# Task brief
Restate word for word only the lines running from the one with "16808 Hamilton Arms" to the end of the data, both ends included. Omit any pictures.

# Records to process
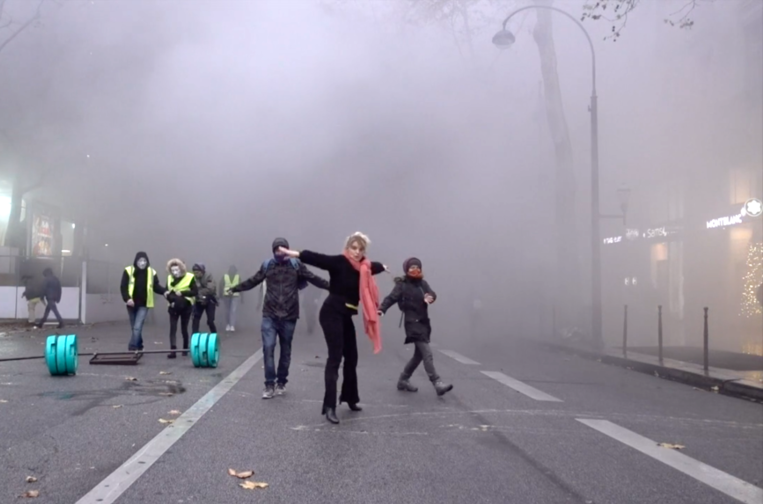Woman dancing in French protests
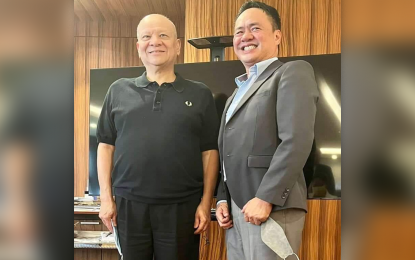 <p><strong>INDUSTRIALIZATION.</strong> Dinagat Islands Governor Nilo Demerey Jr. (right) and SMC president and CEO Ramon S. Ang. Demerey confirmed SMC’s decision to establish a USD500 million electric car battery plant in Dinagat Islands after his meeting with Ang on Wednesday (July 27, 2022). <em>(Photo courtesy of Gov. Nilo Demerey Jr.)</em></p>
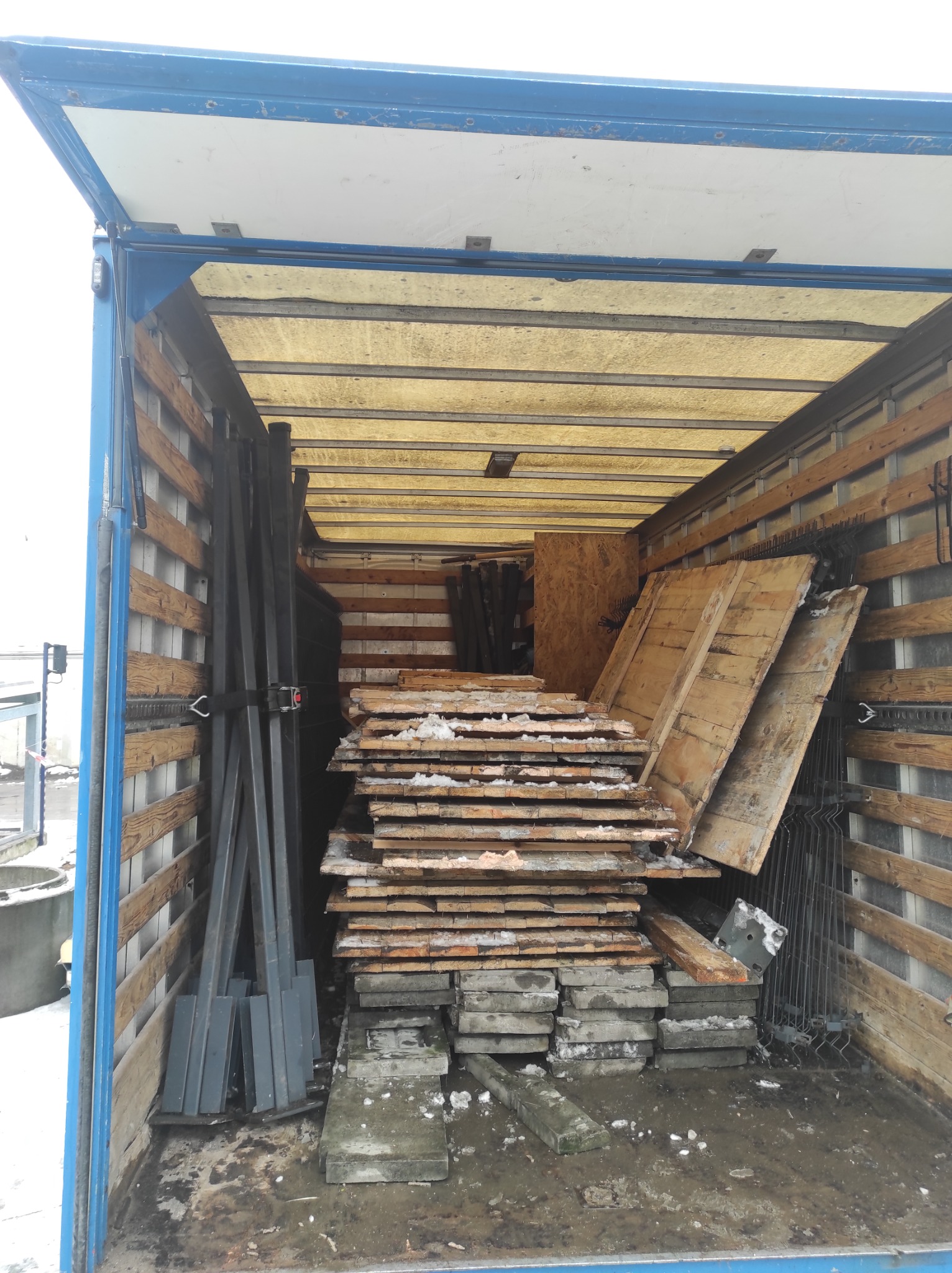 Wnętrze otwartego busa załadowane materiałami budowlanymi: ułożone deski z resztkami śniegu, betonowe płyty chodnikowe i metalowe profile zabezpieczone pasem transportowym.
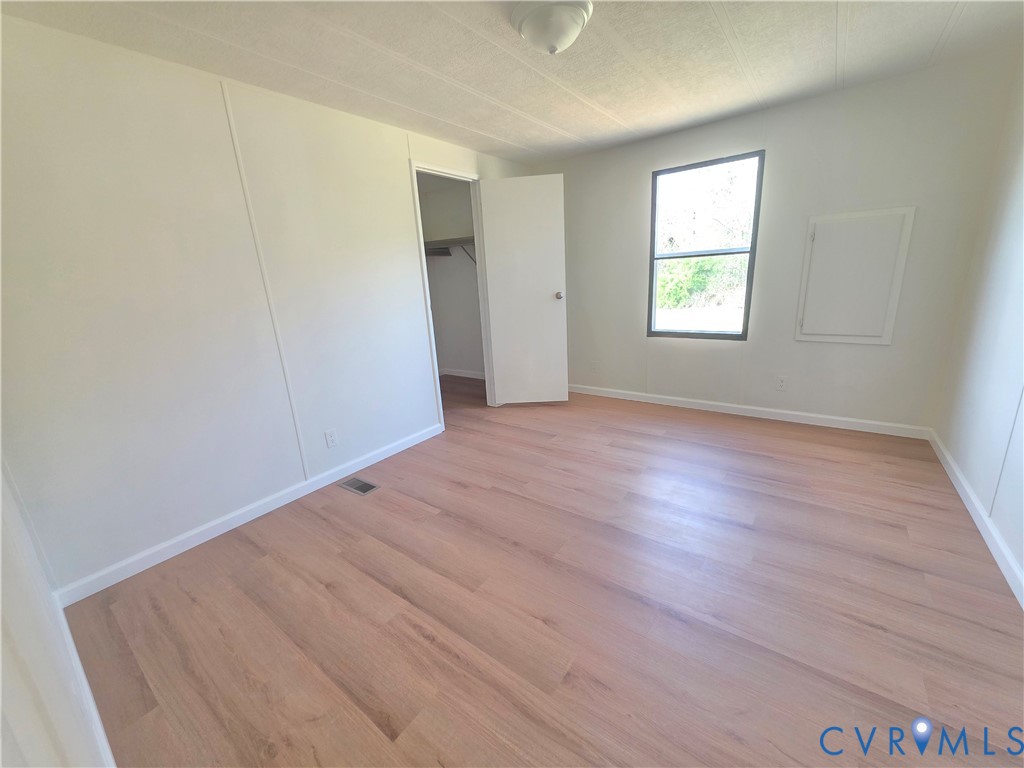 16808 Hamilton Arms Road Dewitt, VA 23840 - Photo 25 of 30 an empty room with wooden floor and windows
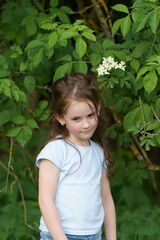 Little cute girl in t-shirt standing in front of green bushes in summer park. Healthy cheerful shy...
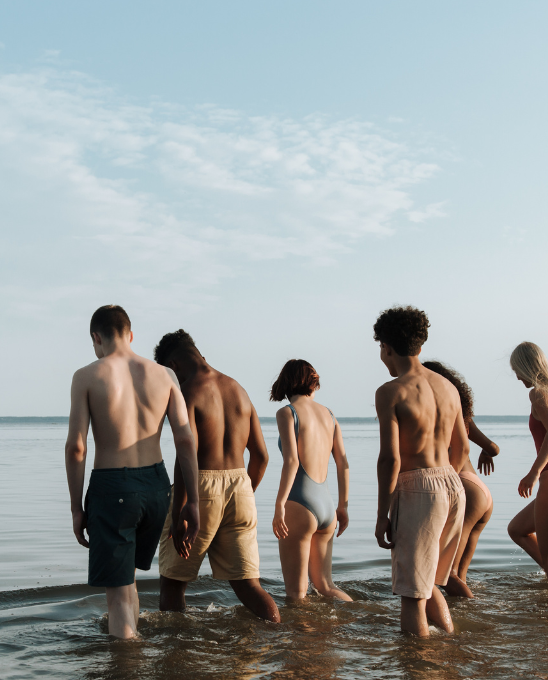 a group of people in swimsuit in the ocean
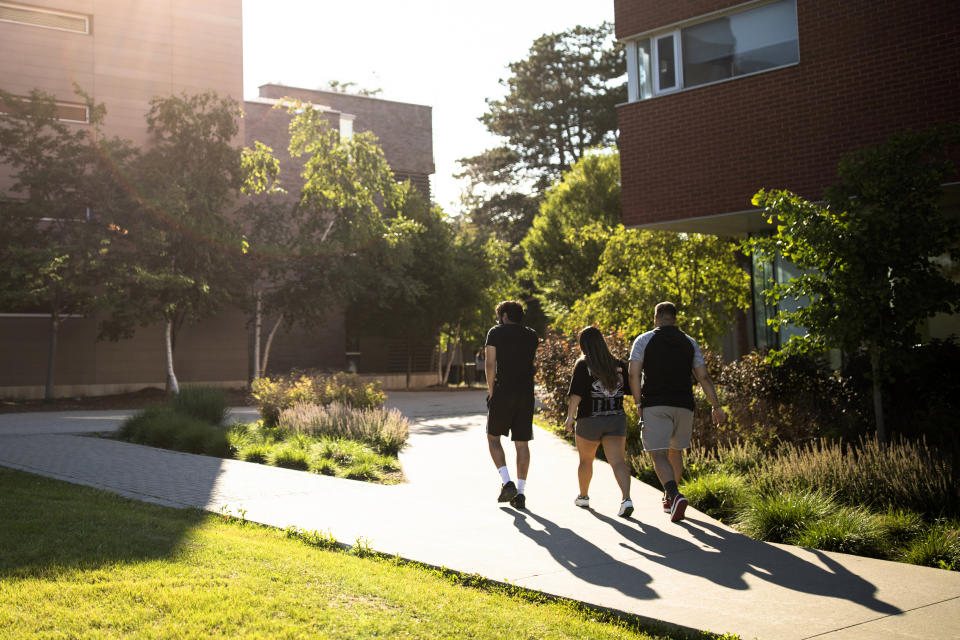 Students walk past the scene of a stabbing at the University of Waterloo, in Waterloo, Ontario, Wednesday, June 28, 2023. Waterloo Regional Police said three victims were stabbed inside the university's Hagey Hall, and a person was taken into custody. (Nick Iwanyshyn/The Canadian Press via AP)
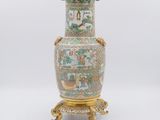 une image représentant un vase posé sur un socle doré, sur fond blanc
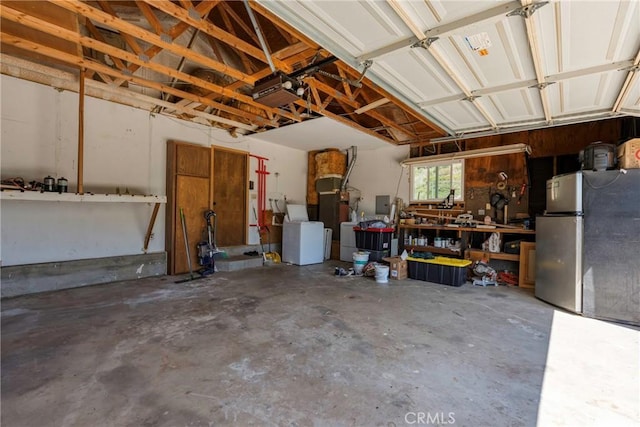 26865 Pine Canyon Rd, Lake Hughes, CA 93532 - garage with freestanding refrigerator, a workshop area, washer / dryer, and a garage door opener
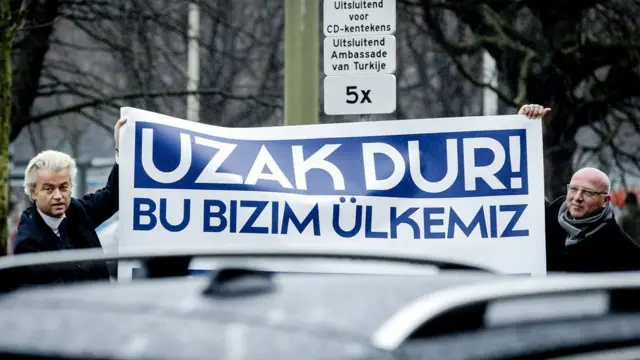 Wilders "Uzak dur, bu bizim ülkemiz" yazılı pankart ile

# Written solution
 16808 Hamilton Arms Road Dewitt, VA 23840 - Photo 25 of 30 an empty room with wooden floor and windows
 Little cute girl in t-shirt standing in front of green bushes in summer park. Healthy cheerful shy...
 a group of people in swimsuit in the ocean
 Students walk past the scene of a stabbing at the University of Waterloo, in Waterloo, Ontario, Wednesday, June 28, 2023. Waterloo Regional Police said three victims were stabbed inside the university's Hagey Hall, and a person was taken into custody. (Nick Iwanyshyn/The Canadian Press via AP)
 une image représentant un vase posé sur un socle doré, sur fond blanc
 26865 Pine Canyon Rd, Lake Hughes, CA 93532 - garage with freestanding refrigerator, a workshop area, washer / dryer, and a garage door opener
 Wilders "Uzak dur, bu bizim ülkemiz" yazılı pankart ile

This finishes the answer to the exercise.